We begin with the usual imports, and definition of the high-level system parameters:

[1]:
import numpy as np

from tqdm import tqdm

from prysm import (
    coordinates,
    geometry,
    polynomials,
    propagation,
    interferogram
)

from prysm.x.optym import mean_square_error, Adam, runN

from matplotlib import pyplot as plt

plt.style.use('bmh')

WF = propagation.Wavefront
[2]:
# high level system parameters
epd = 10
efl = 100
fno = efl/epd
npup = 256
npsf = 256
wvl = .550

flambd = fno*wvl
dx_psf = flambd / 3  # moderate oversampling

Now we construct our forward model, which serves as both the truth data generator and thing that we optimize. For this how-to we will do things in a modal (polynomial) manner, but this works just as well in a zonal (per-pixel) manner.

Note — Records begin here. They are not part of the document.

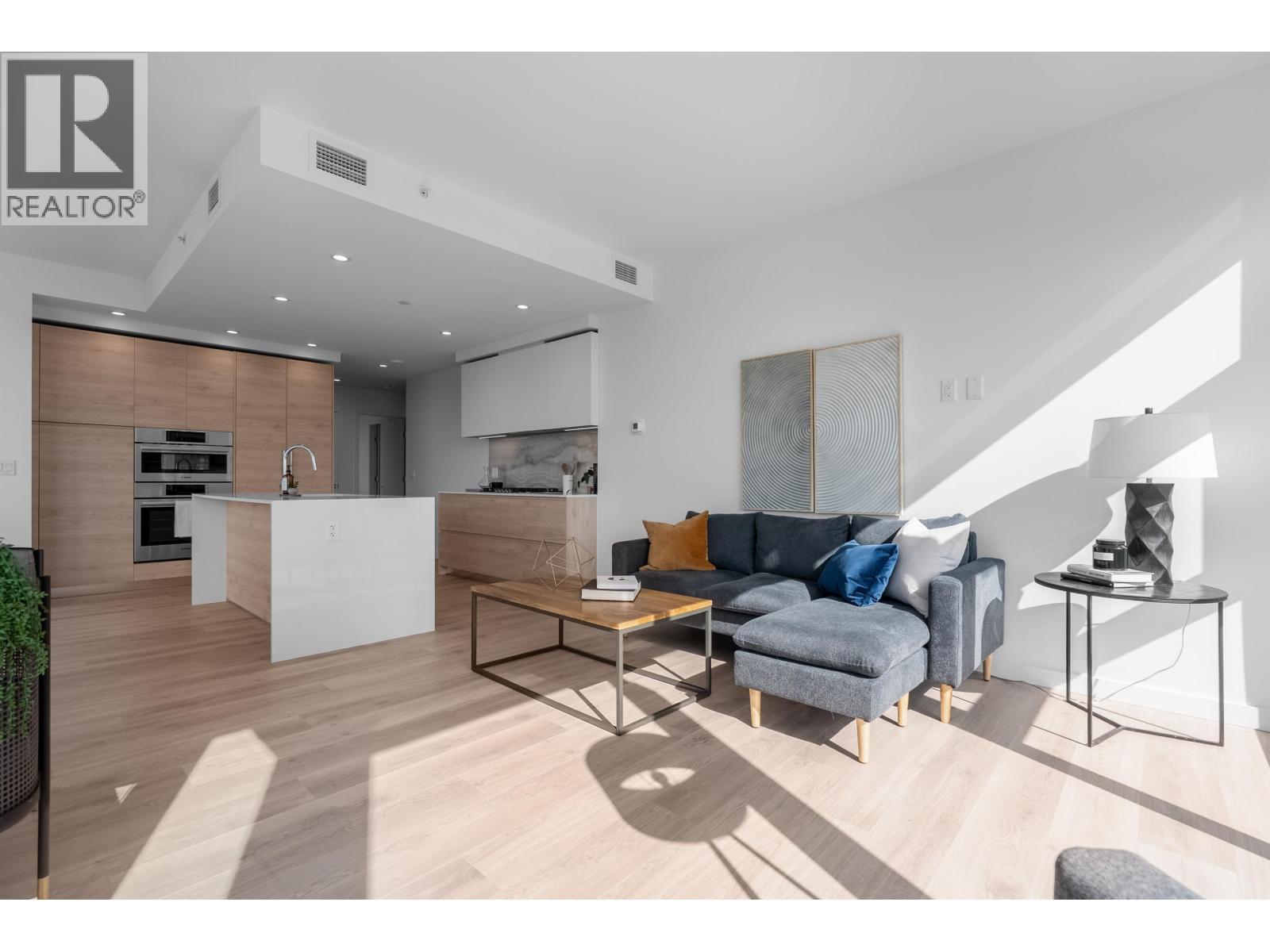 2904 660 Quayside Drive, New Westminster, British Columbia  V3M 0P1 - Photo 3 - R3089357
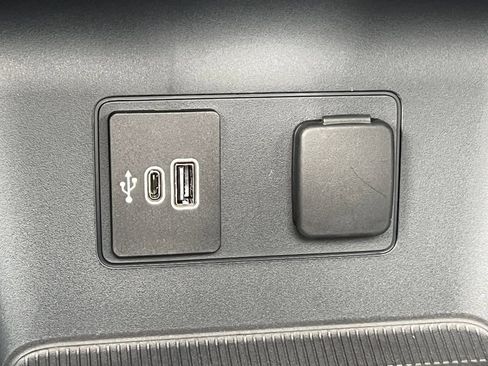 Used 2026 Ford Explorer ST-Line AWD/4WD image 29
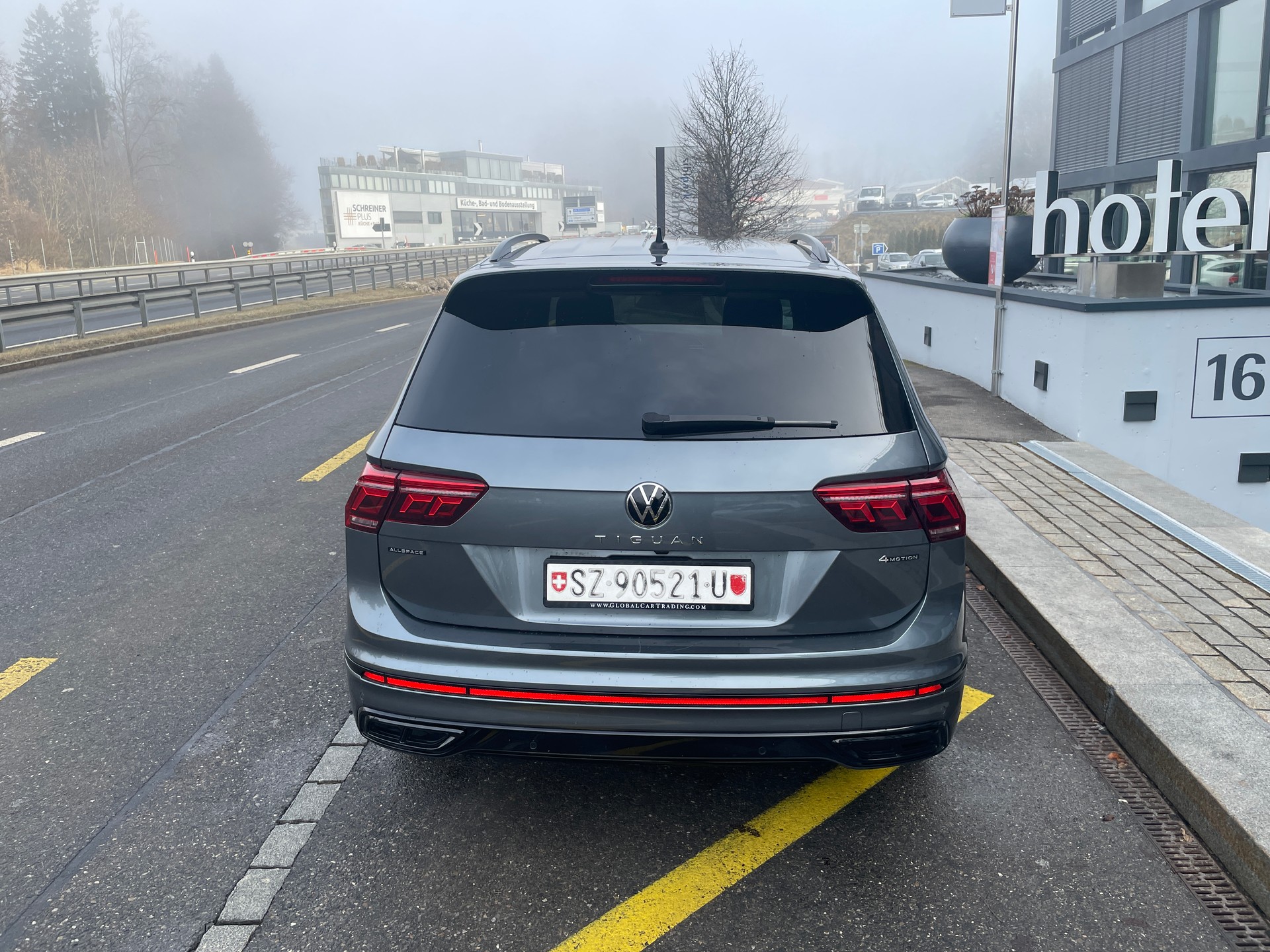 VW Tiguan 2.0 TDI SCR R-Line 4Motion DSG-image-5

The model can be either a class, or a function; as shown in Optimization Basics, all we need is a function that returns the cost and its gradient. We’ll use a class in this case to cleanly store the non-changing variables, and let us stash intermediate gradients somewhere in case we want to look at them.

[3]:
class ModalPhaseRetrievalSinglePlane:
    def __init__(self, amp, dx_amp, data, dx_data, efl, wvl, basis):
        self.amp = amp
        self.dx_amp = dx_amp
        self.data = data
        self.dx_data = dx_data
        self.efl = efl
        self.wvl = wvl
        self.basis = basis

    def model(self, coefs):
        phs = polynomials.sum_of_2d_modes(self.basis, coefs)
        self.wf = WF.from_amp_and_phase(self.amp, phs, self.wvl, self.dx_amp)
        self.focused = self.wf.focus_fixed_sampling(self.efl, self.dx_data, self.data.shape)
        I = self.focused.intensity
        return I

    def cost_grad(self, coefs):
        I = self.model(coefs).data # I is a RichData, take just the array
        # I contains our model of the system, which we'll compute
        cost, dcost_dI = mean_square_error(I.data, self.data)
        focused_bar = self.focused.intensity_backprop(dcost_dI)
        wf_bar = focused_bar.focus_fixed_sampling_backprop(self.efl, self.dx_amp, self.amp.shape)
        phs_bar = self.wf.from_amp_and_phase_backprop_phase(wf_bar)
        # if you wanted to do a zonal (per-pixel) solver, phs_bar is an ndarray that contains the gradient
        return cost, polynomials.sum_of_2d_modes_backprop(self.basis, phs_bar.data)


# grid, polynomial basis
x, y = coordinates.make_xy_grid(npup, diameter=epd)
r, t = coordinates.cart_to_polar(x, y)
dx = x[0,1] - x[0,0]

ap = geometry.circle(epd/2, r)

noll_indices = list(range(4,23))
zernike_nms = [polynomials.noll_to_nm(j) for j in noll_indices]

rnorm = r / (epd/2)
basis = polynomials.zernike_nm_sequence(zernike_nms, rnorm, t, norm=True)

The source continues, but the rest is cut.